I don’t think I have a picture from any Christmas we spent in my paternal grandparents’ house. Somewhere I know there is one of me and my brother and my two cousins, teenagers, sitting on the couch in the apartment where our grandparents later lived.
Somewhere there is a picture taken in the farmhouse of my grandmother and my aunt, but I don’t think it was taken at Christmas. My grandmother is doing something odd in the picture, reaching her arm over her shoulder, behind her back. I remember the wallpaper, dark and brown. I remember that house viscerally.
This is the side of the family my brother and I don’t know as well. Is everyone’s life divided this way? Is everyone closer to one set of grandparents than the other?
My maternal grandparents lived so nearby; they were a part of our daily lives. My dad’s parents we saw on Christmas Day and maybe two or three other times during the year. Back when my grandfather (PaPaw) was healthy, they would come to visit sometimes in the summer and stay in their orange camper in front of our house. I remember that, but I mostly remember Christmas.
When the farmhouse they lived in burned to the ground, they moved into a trailer near downtown London, then to the apartment building. My grandfather died when I was in college. My grandmother is now in a nursing home.

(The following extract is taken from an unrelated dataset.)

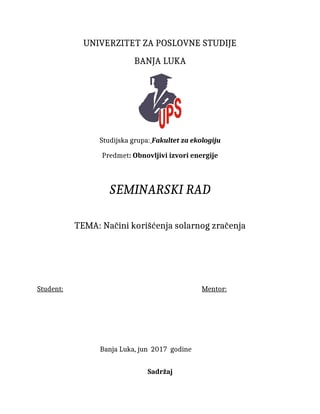 Načini korišćenja solarnog zračenja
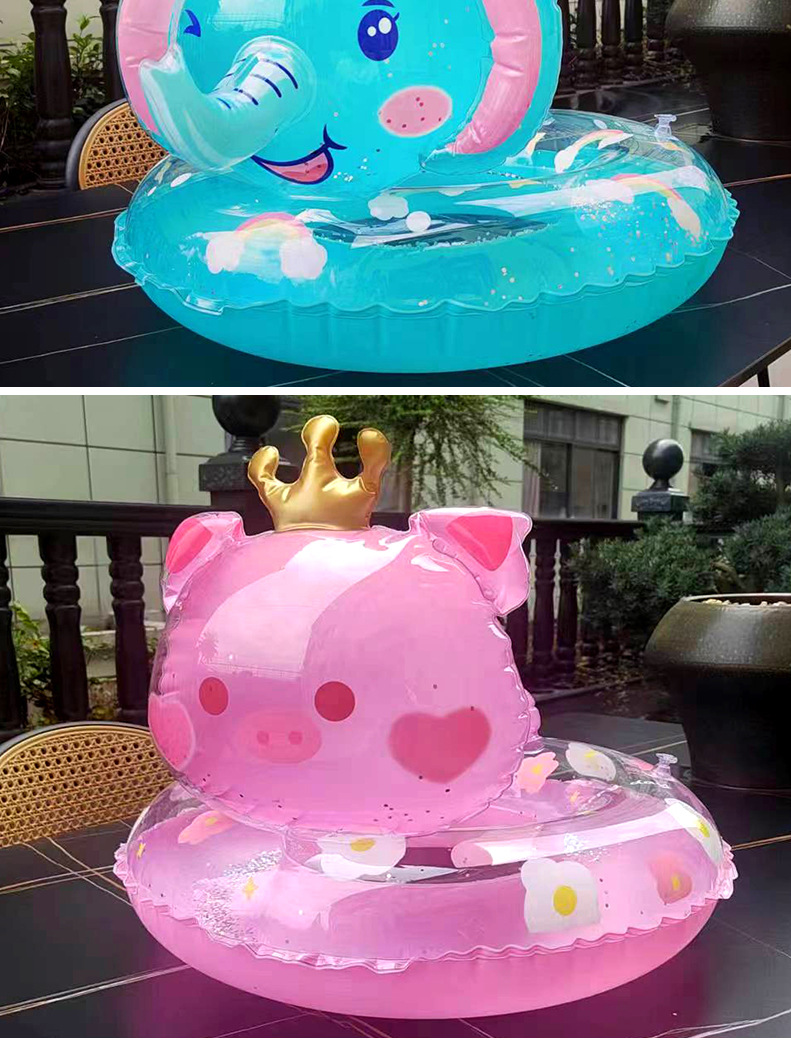 充气腋下圈立体卡通儿童座圈亮片透明印花游泳圈戏水小孩宝宝批发详情13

But once, we were all young.
We had Christmas Eve with my mother’s parents (Too-Too and Bopee), and Christmas Breakfast there as well (fried eggs and country ham and biscuits) before heading out to Laurel County. Some years we opened presents on Christmas Eve, but during most of my childhood we opened them on Christmas morning, then had breakfast, then hurried to the car.
Christmas Day always felt rushed. My dad couldn’t relax until we got to his parents’ house, where I’m sure his family looked forward to seeing us. I only fully understand this now, as an adult. I imagine what it would be like for me to only see my nieces once a year and it would be awful.
I remember the road to their house, the country store we passed on the way and the way the house sat on the land. I knew the stories of the yard. For as little as I was at that house – it is woven into fabric of my memory – the dips in the floor, the light in the bathroom, the rabbit hutches out back, the room where my grandfather talked on his CB radio.
It was a two-hour drive to get there and we made that trip every year. It didn’t matter what the forecast was, didn’t matter how hard it was snowing. We made that trip some years on solid ice, the only car for miles. Back then, most everything was closed on Christmas and hardly anyone was on the interstate on Christmas Day. I rode in the backseat and watched the houses out the window, smoke rising from the chimneys or trash burning on the hillsides.
We opened more presents soon after we arrived. My brother and my cousin Mike always received matching presents as did my cousin Kim and me. Sometimes it was something handmade – crocheted slippers or teddy bears. One year it was clock radios. One year it was giant dolls, as tall as we were.
Christmas dinner was chicken and dumplings (my brother’s favorite), sweet potato casserole with marshmallows on top (my favorite), green beans, rolls, and a punch made with ginger ale and orange sherbet that I’ve never had anywhere else.
And every year, MaMaw made homemade candy – chocolate fudge, peanut butter fudge, peanut butter rolls, and each family received our own box of it – shoeboxes wrapped in aluminum foil. This candy was a crucial element of Christmas for me. This candy, it cannot be overstated, was outrageously delicious.
When we were older, when we were out of high school and my cousin married, MaMaw started making us each our own boxes – a box for every household. I’m a little ashamed to say how thrilled I was to have my own personal box of candy.
There were also molasses cakes, once, cakes built of thin stacked layers. There were jam cakes and dark fruit cakes. There was always food and food and more food and when they lived in the tiny apartment the kitchen heated the whole place up to about five hundred degrees. We ate on TV trays. We ate and ate and what we didn’t eat was sent home with us in margarine tubs.
Bronze baby shoes, praying hands, the portraits in the oval frames, the chair my dad made, the tins of Sir Walter Raleigh, my cousins blonde hair in curls like Shirley Temple, a car race on TV, the hound dogs under the porch of the farmhouse, the lobby of the apartment building – the way the older residents, the ones who wouldn’t have grandchildren visiting, reached out for us.
It was always edging up on dark by the time we headed home. If the roads were slick, my mother would worry. I listened to the radio voices. There was always a sense of relief that Christmas was over. I savored that long night drive everyyear. I watched the headlights, watched the stars, imagined that one of them was brighter than all the others, imagined that it was leading us home.